In November of 1993, I ran for and was elected to the Cascade City Council. The main issue, if I recall correctly, was that then-Councilman Kenny McDermott (RIP) was splitting up city street repair work into component parts, so jobs came in below $25,000 and didn’t need to be publicly bid. Reporting for the Cascade Interpreter, the newspaper I published until then (The last edition is dated Winter 1993-4.) I discovered this, squawked and was voted onto council.
My dominant memory of being on there was Bill Gehl, also on council then, abusing me so spectacularly, that I bashed the desk, swore and stomped out of chambers. In defense of Mr. Gehl, I can safely say I was such a doofus about infrastructure, I wouldn’t have known what a piece of rebar was if one whacked me on the butt.

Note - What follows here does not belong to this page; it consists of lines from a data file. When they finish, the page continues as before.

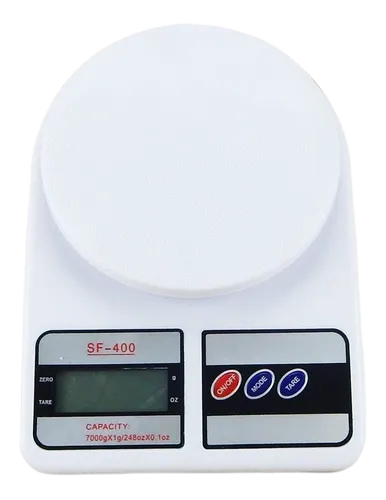 BALANZA DIGITAL 7KG/1GR BLANCA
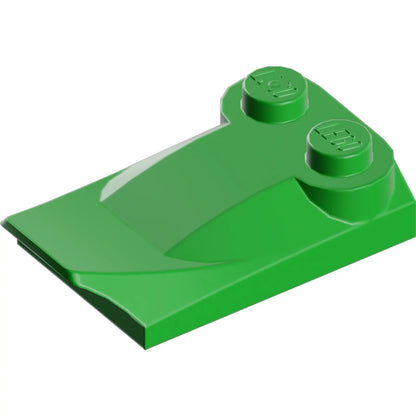 Part 47456 - Slope, Curved 3 x 2 x 2/3 with 2 Studs, Wing End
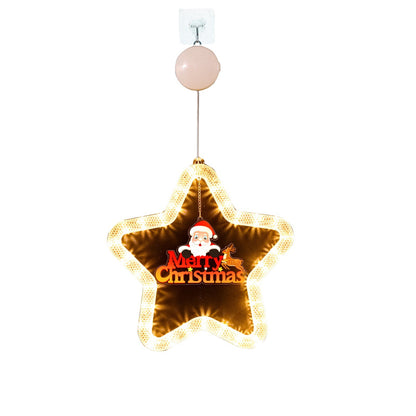 Christmas Pendant Light – LED Star Hanging Decor
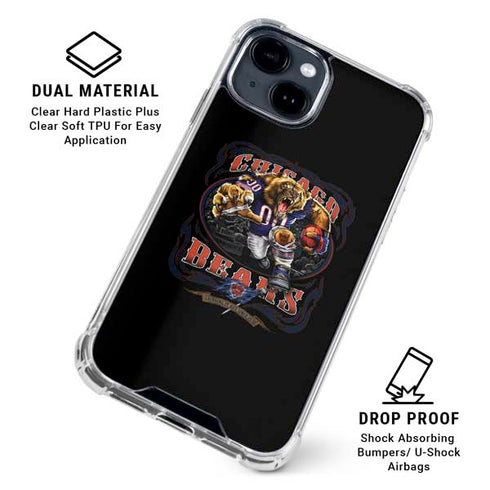 Liquid Blue NFL Chicago Bears Running Back iPhone 15 Clear Case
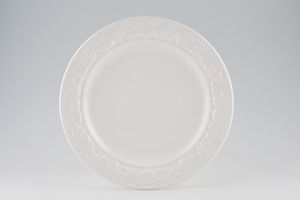 Marks & Spencer White Embossed Dinner Plate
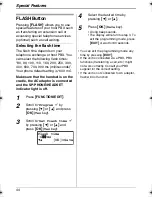 Предварительный просмотр 44 страницы Panasonic KX-TS620CB Operating Instructions Manual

I know a 100x more now because my brother Paul has since worked for the city, and every time there was something I didn’t understand, he would it explain it or show me how it worked. Not that he didn’t get exasperated with me on occasion either: “Can’t you see where the water is running?” “Well, now that you point it out, I can.” (Life is an uphill learning curve.)

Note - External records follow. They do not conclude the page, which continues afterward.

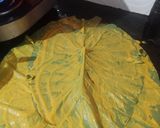 A picture of step 2 of Aluvadi or Pathrode.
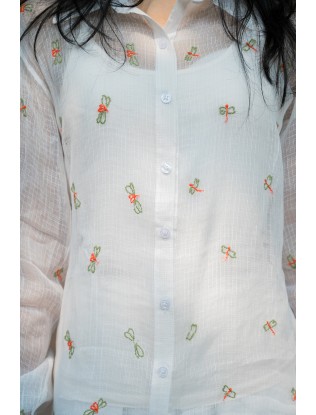 Chikankari Unisex Shirt Q/S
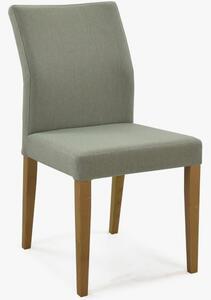 Nowoczesne krzesło tapicerowane, miętowe, Skagen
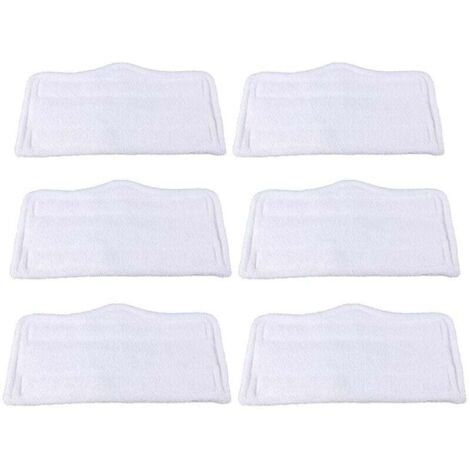 KZQ Paquete de 6 almohadillas de reinicio de microfases para Shark Steam Mop S3101 S3202 S3250 S3251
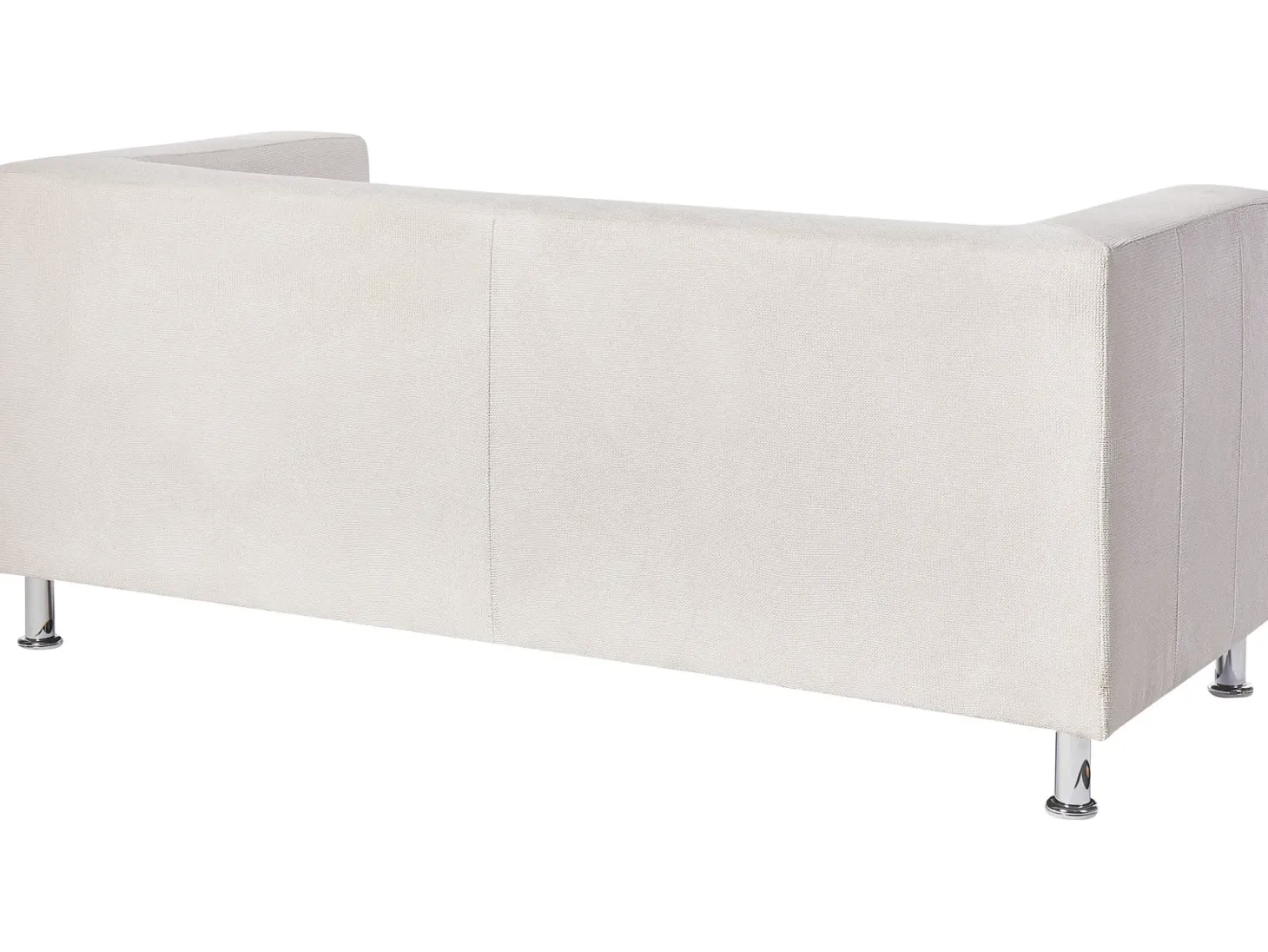 Sofa 3 personers FLORO Chenille Cremehvid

So now that I am more enlightened about infrastructure, why was I not elected? A variety of factors I am labeling a, b, c, etc. and you can rearrange them in numerical order of 1, 2, 3, 4-priority as you yourself see fit:
a) Cascade is older and more conservative than it was previously. A History professor I had in a U. of Wisconsin course assured me that this was going to happen to the U.S. at large and indeed, the whole country has become more conservative—witness our governor—it’s a little like dementia, I guess. Just happens.

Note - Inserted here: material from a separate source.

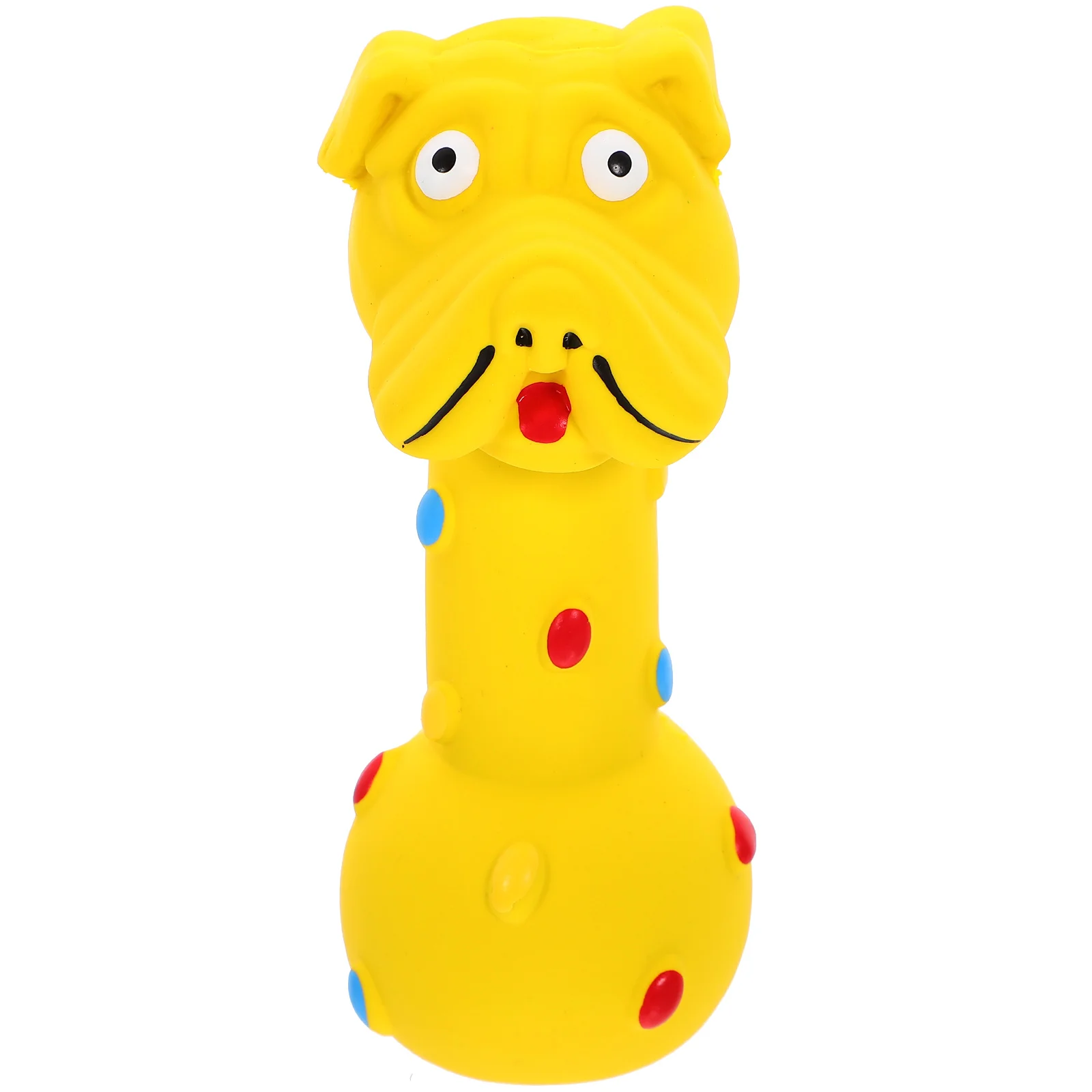 

Dog Molar Plaything Squeaky Teething Pig Latex Chewing Toy Interactive Dog Toy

b) b) I am more socialist. For the simple reason that I spent 5 years in Germany and saw how the Communist and Green parties there kept the capitalists from walking off with everything. Like as not, you would be too, if you had that experience.
c) C) This country thinks of itself as a democracy, we routinely vote for local, state and national royalty, the Kennedys, the Gehls and Hoschs.
d) d) Women are far less likely to be elected, appointed, etc. to anything. I eventually resigned when I couldn’t get a job locally: the principal of a school told me point blank: “You are well-qualified for this position, but I can’t consider hiring you because that newspaper you published was too controversial…”
I went home and applied for a job teaching English in Changwon, So. Korea and left the U.S. for two years the following month.